=== Material shown ===

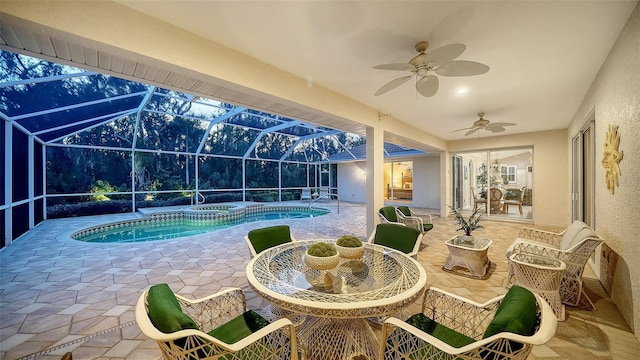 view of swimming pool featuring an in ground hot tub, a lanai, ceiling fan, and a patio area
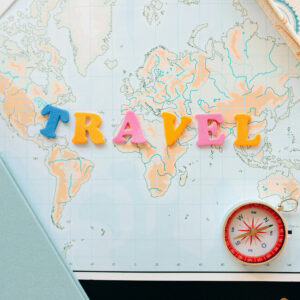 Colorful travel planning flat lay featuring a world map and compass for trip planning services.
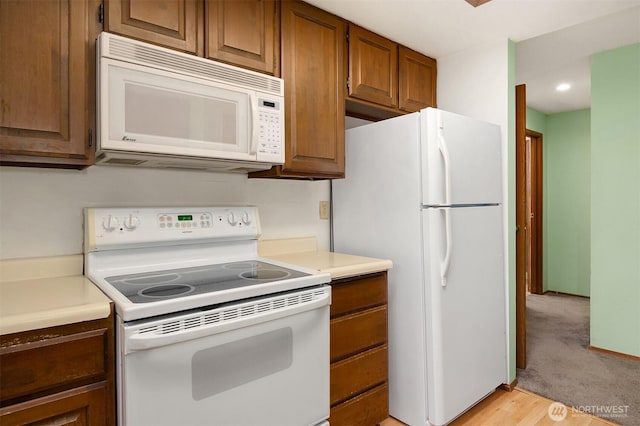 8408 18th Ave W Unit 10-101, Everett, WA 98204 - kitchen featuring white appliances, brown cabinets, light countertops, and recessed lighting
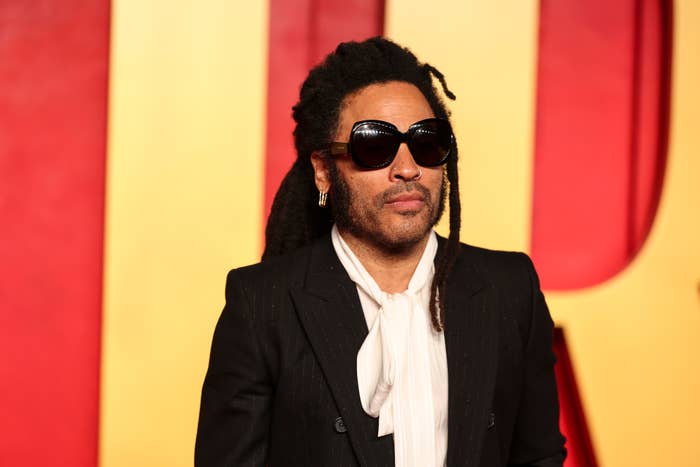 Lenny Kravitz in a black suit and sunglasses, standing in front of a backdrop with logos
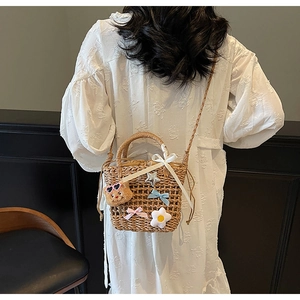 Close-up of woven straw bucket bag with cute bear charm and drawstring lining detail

=== Task to carry out ===
Please copy the lines above exactly, starting at the line that holds "Colorful travel planning" and ending at the line that holds "8408 18th Ave"; include both, but no pictures.

=== Answer box ===
 Colorful travel planning flat lay featuring a world map and compass for trip planning services.
 8408 18th Ave W Unit 10-101, Everett, WA 98204 - kitchen featuring white appliances, brown cabinets, light countertops, and recessed lighting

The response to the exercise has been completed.